I am very anti hunting! I don't understand
the mentality behind it at all. We have grocery stores and it doesn't
matter to me if the meat is being donated to charity. The biggest problem I have
is the type of person that enjoys hunting. You have a "human" that
enjoys tracking down an animal and killing it, taking it's life.....they
actually enjoy this. They justify it by, "the meat goes to charity" or
"it helps my grocery bill". BULL...guns, ammo, hunting equipment is
expensive.....they hunt because they enjoy killing it. I personally will not and
do not knowingly associate myself with anyone that hunts....I have a hard time
being around someone that can actually enjoy tracking a frightened animal and
then killing for enjoyment. Then you have the yahoos that go hunting a drinking.

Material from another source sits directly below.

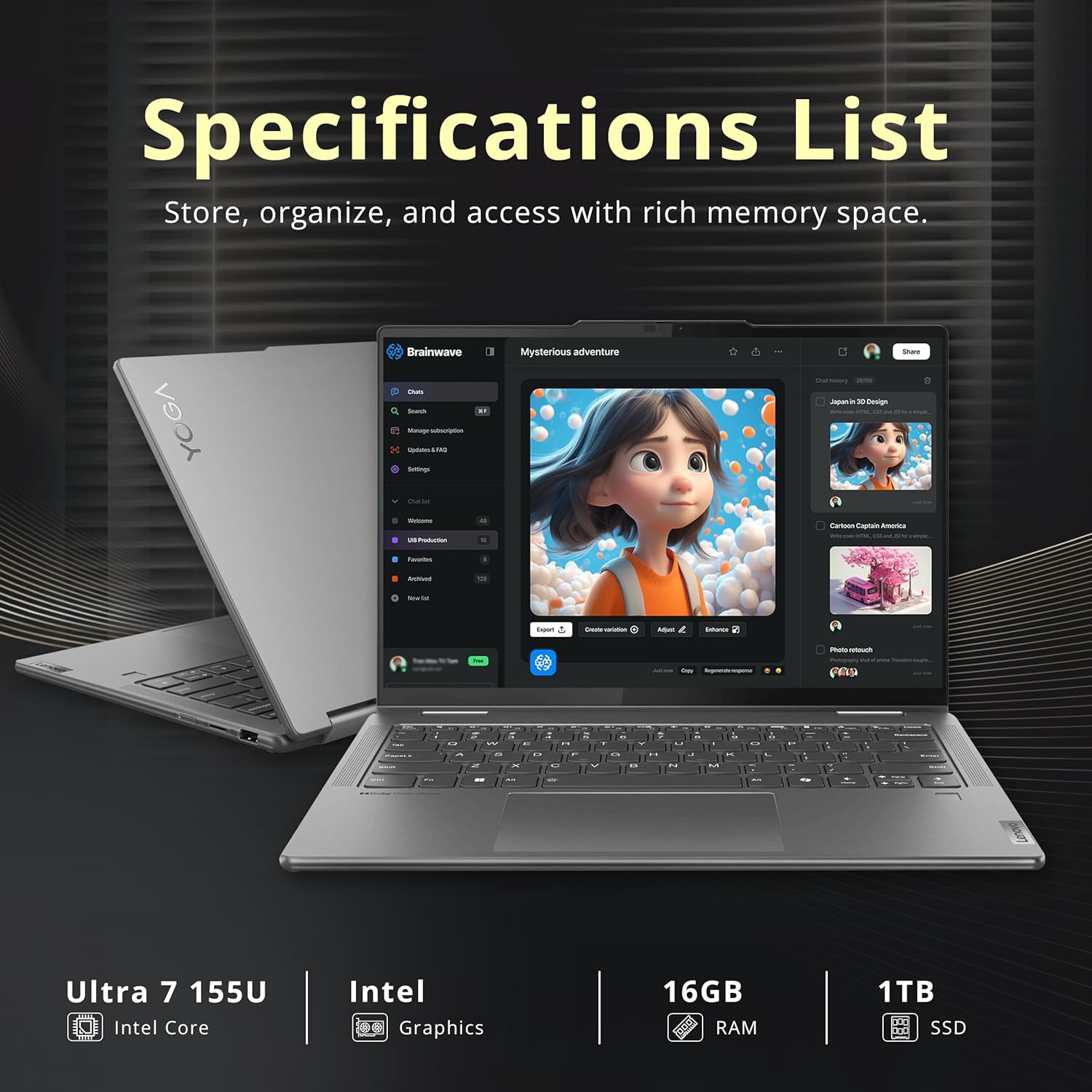 Open Box - Lenovo Yoga 7i 2-in-1 14" 2K Touchscreen Laptop, Intel Ultra 7 155U, 1TB SSD, 16GB LPDDR5X, Backlit Keyboard, Fingerprint Reader, WiFi 6E,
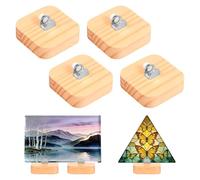 SUPPUIMNT Lot de 2/4 supports en verre réglables en bois pour vitraux, photos, images, livres, cadres photo, disques, présentoirs pour carreaux en céramique, assiettes, objets de collection, photo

Every year ranger kill many animals that are suffering because because some idiot
is either hunting and drinking and only wounded the animal, or because some
idiot is hunting that actually can't shoot...it's disgusting. "Oh
look at that buck, he beautiful, and I got a perfect shot" somehow that
makes no sense to me at all....yes, it's beautiful...so leave it alive fool!
Another one I hear is..."we have a right to hunt cause man has always
hunted blaa, blaa, blaa. We are supposed to be human beings, and we are supposed
to advance as a society to evolve to more intelligent lever of our
understanding. Ok...
State agencies build roads through our wild lands to facilitate hunter
access, they pour millions of tax dollars into law enforcement of hunting
regulations and hunter education, and into manipulating habitat by burning and
clear-cutting forests to increase the food supply for "game" species
such as deer. More food means a larger herd and more animals available as
targets. Hunting programs also cause wildlife overpopulation by
stimulating breeding by conducting "buck only" hunts, which can leave
as many as six does per buck; pen-raising quail, grouse, and pheasants for
use as hunters' targets; transporting raccoons, antelopes, martens, wild
turkeys, and other animals from one state to another to bolster populations for
hunters; and exterminating predators like wolves and mountain lions in order to
throw prey populations off balance, thereby "justifying" the killing
of both "dangerous" and "surplus" animals.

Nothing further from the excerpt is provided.